The study was published on July 25, 2022, in Nature Computational Science.
Using the power of AI to help improve the speed of physics discoveries
The algorithm was first fed raw video footage of occurrences for which the researchers already had the solution. For instance, they fed a video of a swinging double-pendulum whose two arms' angles and angular velocities were determined to be its exact four "state variables." The AI produced the following result after several hours of analysis: 4.7.

Hod Lipson, director of the Creative Machines Lab in the Department of Mechanical Engineering, said, “we thought this answer was close enough.”
“Especially since all the AI had access to was raw video footage, without any knowledge of physics or geometry. But we wanted to know what the variables actually were, not just their number,” he added.
After that, the researchers started visualizing the actual variables that the program had discovered. Since the algorithm cannot express the variables in any intuitive language that would be accessible to humans, extracting the variables themselves was challenging. After considerable investigation, it turned out that two of the variables the computer selected matched the angles of the arms, but the other two are still unknown.
Boyuan Chen Ph.D. '22, currently an assistant professor at Duke University, who oversaw the experiment, said, "we tried correlating the other variables with anything and everything we could think of: angular and linear velocities, kinetic and potential energy, and various combinations of known quantities," “but nothing seemed to match perfectly,” he added.
The team was confident that the AI had found a valid set of four variables since it was making good predictions, “but we don’t yet understand the mathematical language it is speaking,” he explained.

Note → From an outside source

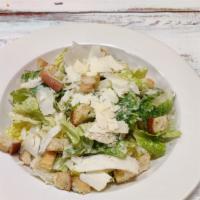 Caesar Salad · Romaine lettuce, croutons with a tangy Caesar dressing, topped with Romano cheese.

The researchers fed films of physical systems for which they lacked the explicit solution after testing a number of other physical systems with known solutions. In the first videos, a local "air dancer" could be seen swaying in front of a used car sale. Eight variables were returned by the program after several hours of analysis. Additionally, a Lava lamp video also generated eight suggested variables. The program then outputted twenty-four variables after being fed a video clip of flames from a holiday fireplace loop.
Whether the collection of variables was distinct for every machine or the same set was generated each time the program was launched as a particularly intriguing subject for the team.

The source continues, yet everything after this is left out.